-- WHAT IS NEEDED --
Every line from the one holding "Luxury peacock blue" through the one holding "The End of the" in the data below must be returned exactly, both ends included, with pictures left out and nothing else added.

-- THE RECORDS --
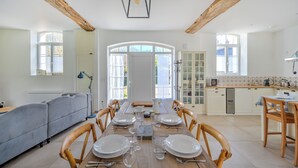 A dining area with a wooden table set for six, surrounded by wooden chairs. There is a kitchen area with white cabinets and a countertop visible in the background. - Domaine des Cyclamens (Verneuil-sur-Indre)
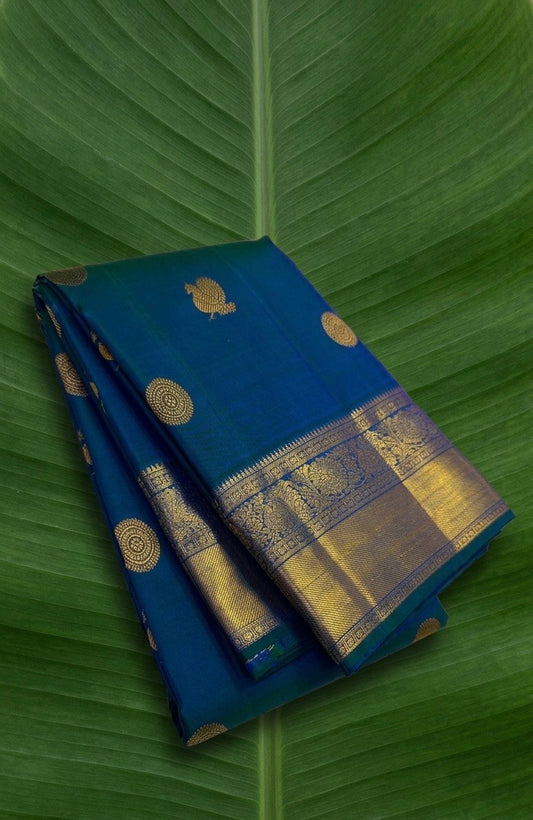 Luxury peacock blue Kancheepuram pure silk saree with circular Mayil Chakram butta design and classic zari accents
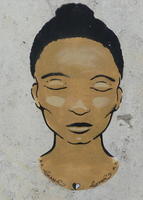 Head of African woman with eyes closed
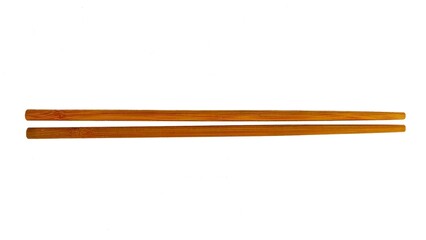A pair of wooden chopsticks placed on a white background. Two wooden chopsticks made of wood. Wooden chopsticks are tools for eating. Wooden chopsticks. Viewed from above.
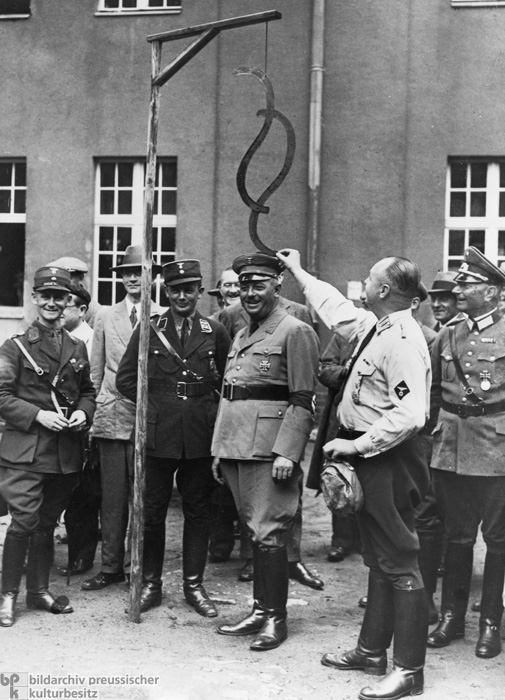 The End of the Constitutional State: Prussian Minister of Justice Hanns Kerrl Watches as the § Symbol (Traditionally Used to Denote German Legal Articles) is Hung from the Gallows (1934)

--

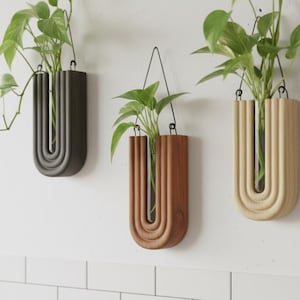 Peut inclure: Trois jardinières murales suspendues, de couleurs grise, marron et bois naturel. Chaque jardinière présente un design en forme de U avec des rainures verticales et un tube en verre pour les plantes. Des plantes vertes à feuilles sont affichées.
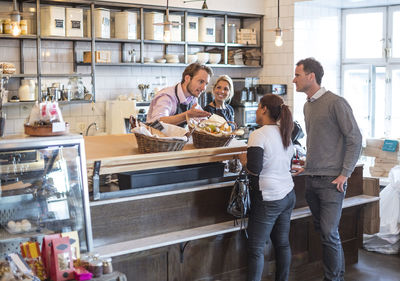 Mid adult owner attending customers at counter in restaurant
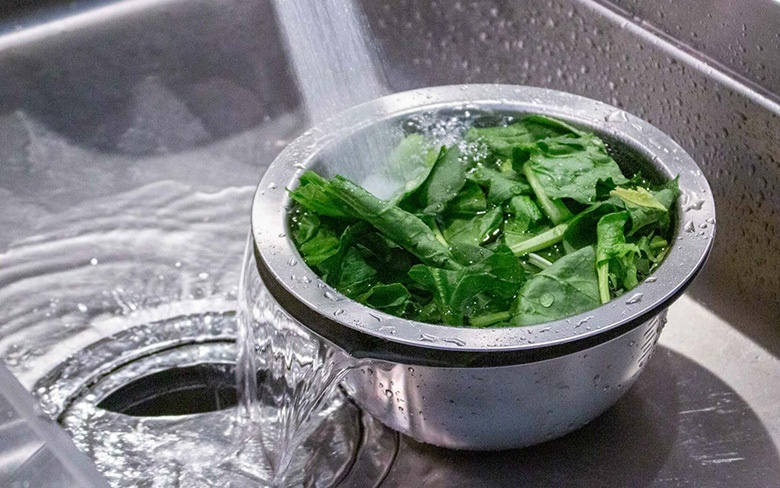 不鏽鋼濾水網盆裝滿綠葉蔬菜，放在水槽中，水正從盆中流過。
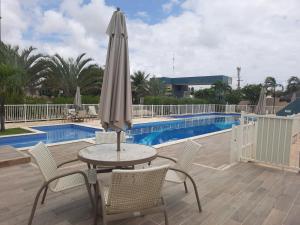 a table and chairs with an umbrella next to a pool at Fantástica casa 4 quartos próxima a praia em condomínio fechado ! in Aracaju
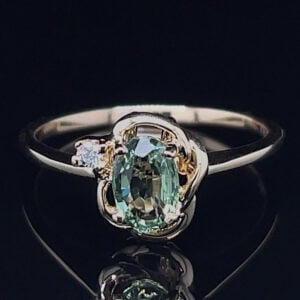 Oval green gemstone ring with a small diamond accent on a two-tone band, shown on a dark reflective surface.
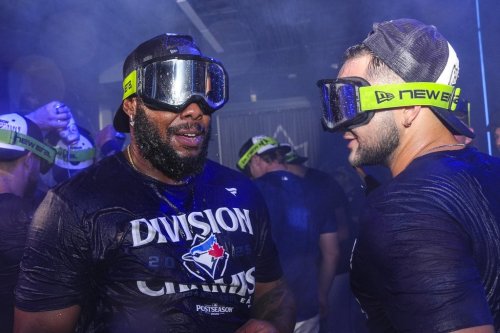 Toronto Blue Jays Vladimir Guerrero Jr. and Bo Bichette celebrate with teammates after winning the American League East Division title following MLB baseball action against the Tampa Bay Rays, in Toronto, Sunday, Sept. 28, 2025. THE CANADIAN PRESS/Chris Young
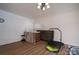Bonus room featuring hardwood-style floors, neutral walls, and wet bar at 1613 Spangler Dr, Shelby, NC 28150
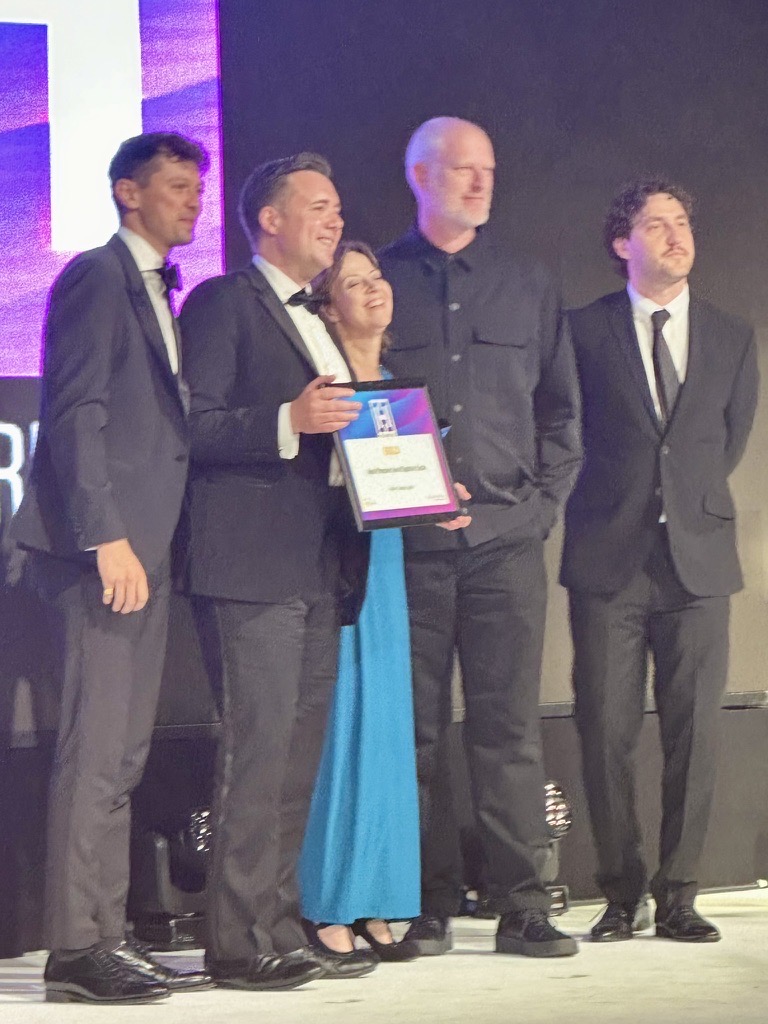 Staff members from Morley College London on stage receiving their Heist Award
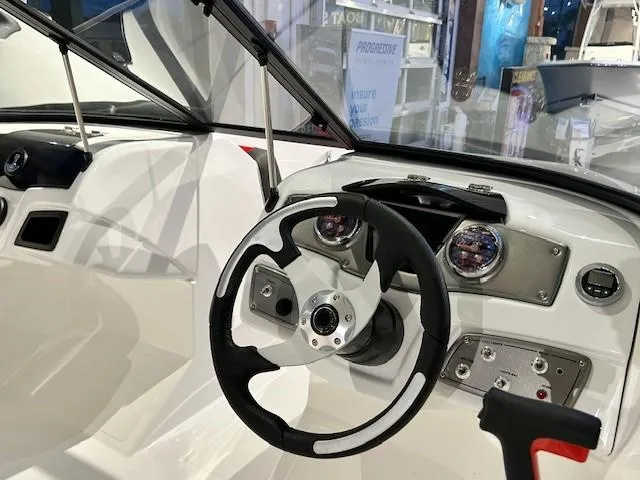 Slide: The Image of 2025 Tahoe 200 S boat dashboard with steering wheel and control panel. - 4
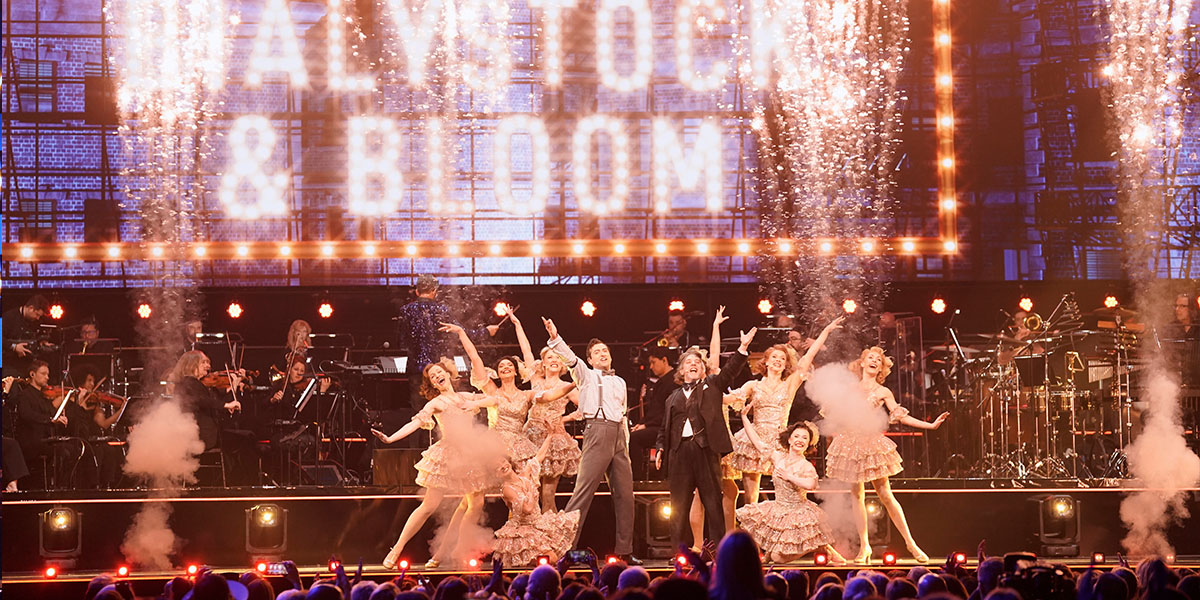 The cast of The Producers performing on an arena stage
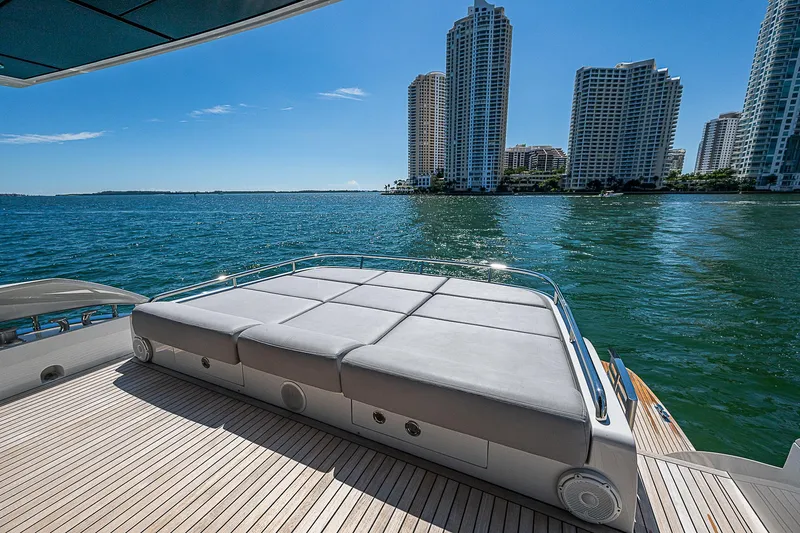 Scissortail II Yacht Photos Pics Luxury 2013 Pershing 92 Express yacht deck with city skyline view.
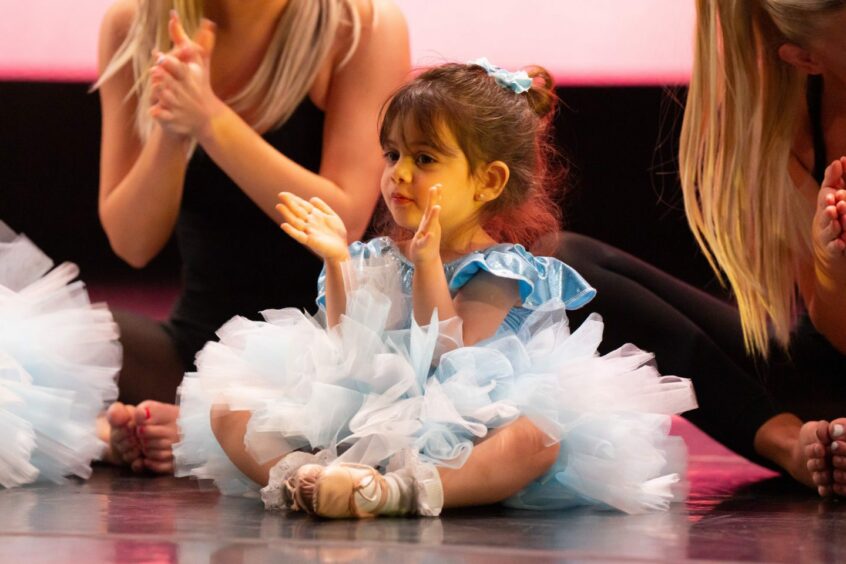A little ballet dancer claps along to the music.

==

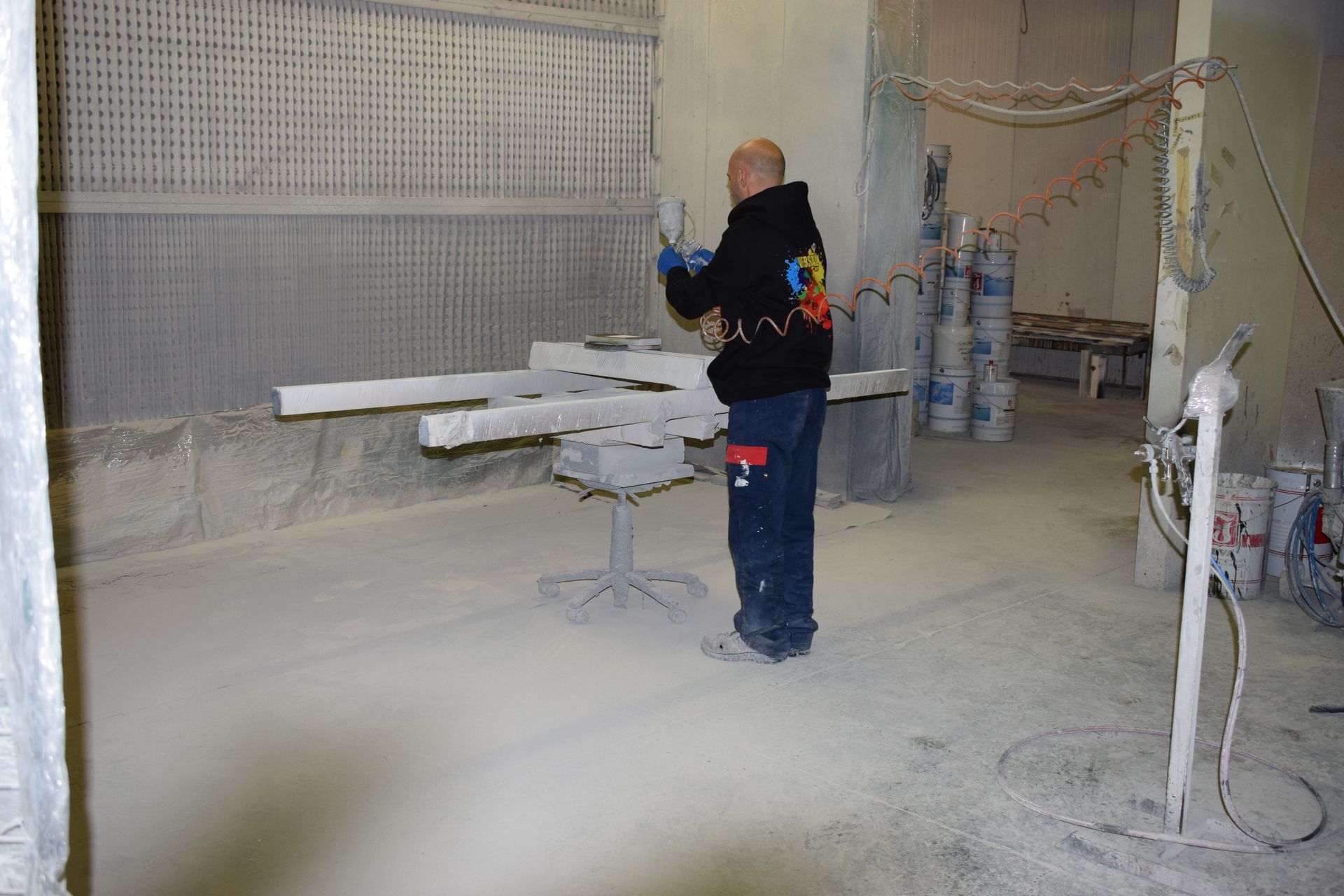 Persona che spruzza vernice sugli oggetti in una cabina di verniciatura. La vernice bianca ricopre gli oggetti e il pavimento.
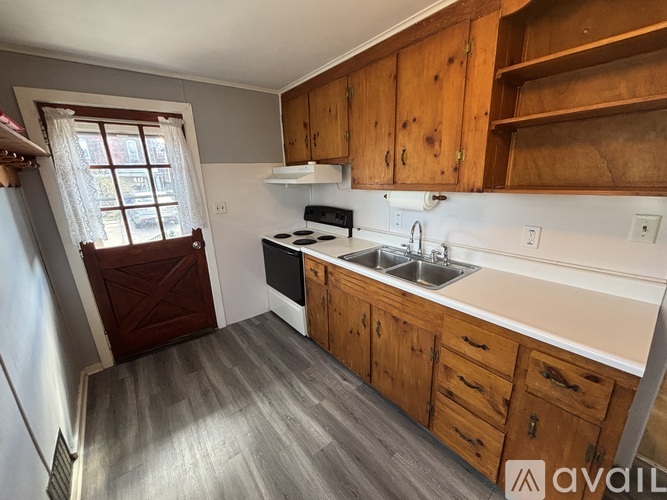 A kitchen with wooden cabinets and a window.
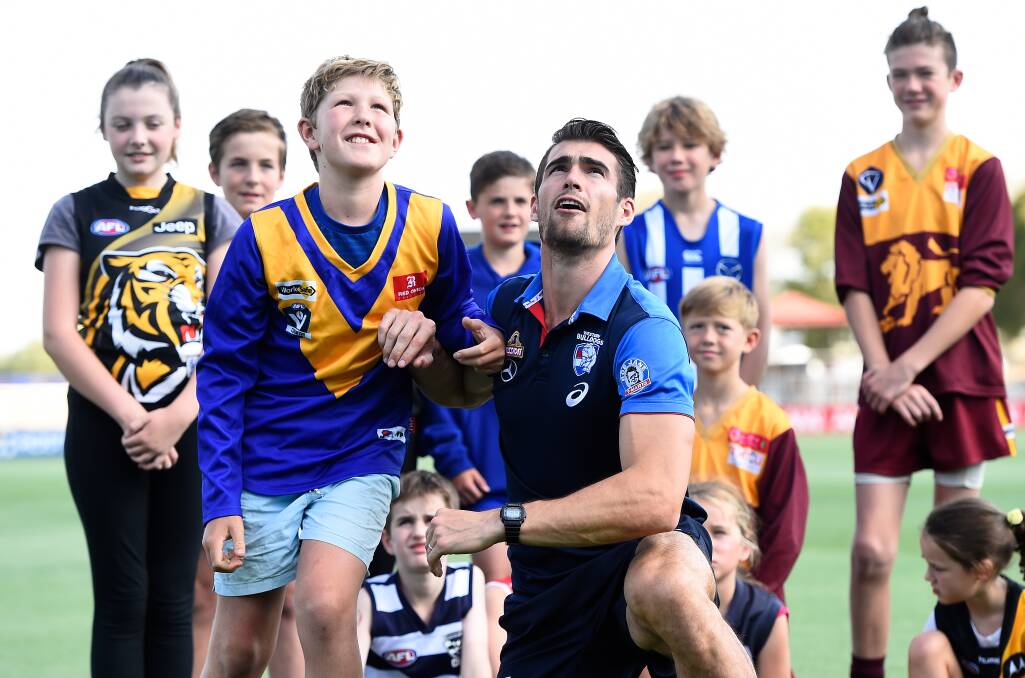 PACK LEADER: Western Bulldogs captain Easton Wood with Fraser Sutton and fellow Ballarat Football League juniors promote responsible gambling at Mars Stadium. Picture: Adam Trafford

-- TASK OUTPUT --
 Luxury peacock blue Kancheepuram pure silk saree with circular Mayil Chakram butta design and classic zari accents
 Head of African woman with eyes closed
A pair of wooden chopsticks placed on a white background. Two wooden chopsticks made of wood. Wooden chopsticks are tools for eating. Wooden chopsticks. Viewed from above.
 The End of the Constitutional State: Prussian Minister of Justice Hanns Kerrl Watches as the § Symbol (Traditionally Used to Denote German Legal Articles) is Hung from the Gallows (1934)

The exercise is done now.